Единое является эксплицитной целью метафоры восхождения души (1.6.7; 1.6.9 и т.д.), при этом философ часто пишет также о возвращении или «пробуждении» истинного «я» человека (4.8.1.1). Каждый человек обладает особой внутренней силой, которую почти никто не умеет использовать, но, научившись этому, можно достигнуть единения с Единым (1.6.8; 6.5.1; 6.9.4 и т.д.). Стадии восхождения души включают в себя аскетизм, очищение, практику добродетелей, любовь и ведут от чувственно воспринимаемого мира к миру Души, а затем – от сферы Души к универсуму чистых идей или интеллекта, т.е. к вселенной Ума. Этот мистический процесс наиболее детально описывает Р. Арну (9), которому, mutates mutandis, целесообразно последовать в том, что относится к заявленной теме.

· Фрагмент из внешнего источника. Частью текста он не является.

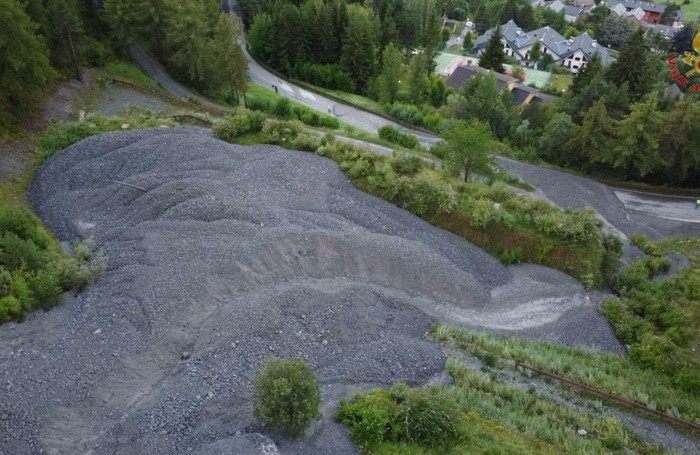 Maltempo statale stelvio interrotta 38 frana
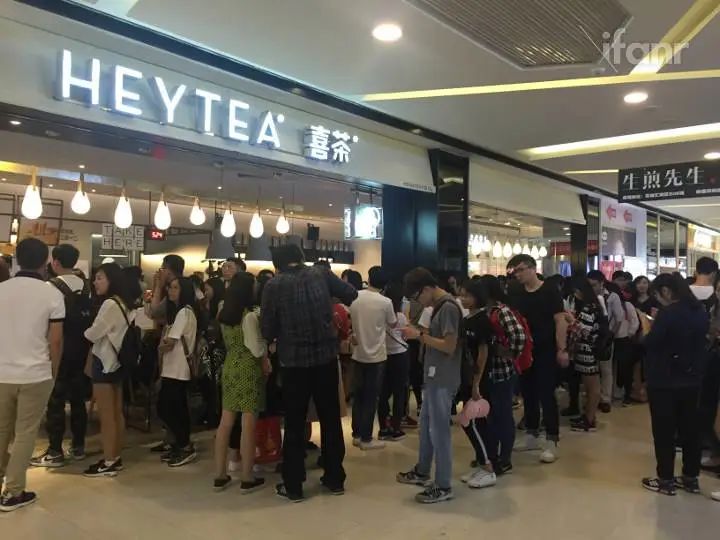 喜茶奈雪的茶再次大幅降价,奈雪的茶和喜茶星巴克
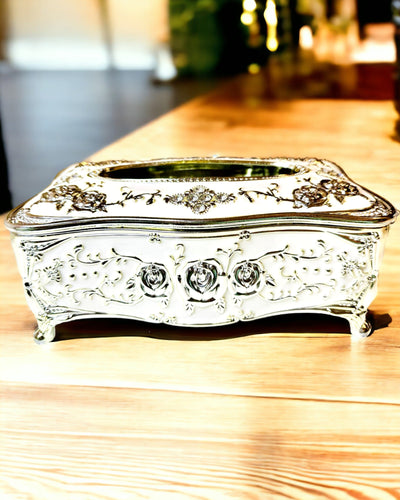 Scatola per Fazzoletti con Motivo a Rilievo di Rosa - Elegante Accessorio per Interni, bianco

Чтобы подняться к Богу-Единому, необходимо, пишет Плотин, отделить от себя все внешнее и полностью обратиться к тому, что внутри, вступить в самого себя (6.9.7.17). Обратиться душе к себе и познать себя – значит познать Бога (6.9.11), от Которого она произошла и от Которого зависит. Точно так же душа, желая прийти к Уму, должна повернуться к глубочайшему в себе – уму, а этот последний, если захочет созерцать Единое, являющееся «внутренним Умом» (5.3.14.15), также должен войти в себя «как в Святилище», поднявшись над всеми вещами (5.1.6.12), ибо, обращаясь к себе, Нус также обращается к своему первоначалу, как и душа – к своему (т.е. к Нему). Более того, Ум становится Умом только обращаясь к Единому и созерцая Его (5.1.6.12): таким образом, Плотин эксплицитно указывает на деифицирующее воздействие созерцания эминентного Начала; достаточно обратиться к Нему – и благотворное воздействие высшего Блага начнет действовать, наполняя созерцающего бытием и умом (5.2.1.9). Механизм этого мистического преобразования, по-видимому, заключается во «вложении» созерцаемого в наблюдающего, после чего первое и начинает действовать в последнем (1.2.4). При этом само Единое, будучи всегда вокруг нас, не стремится к человеку, это люди постоянно устремляются к Нему.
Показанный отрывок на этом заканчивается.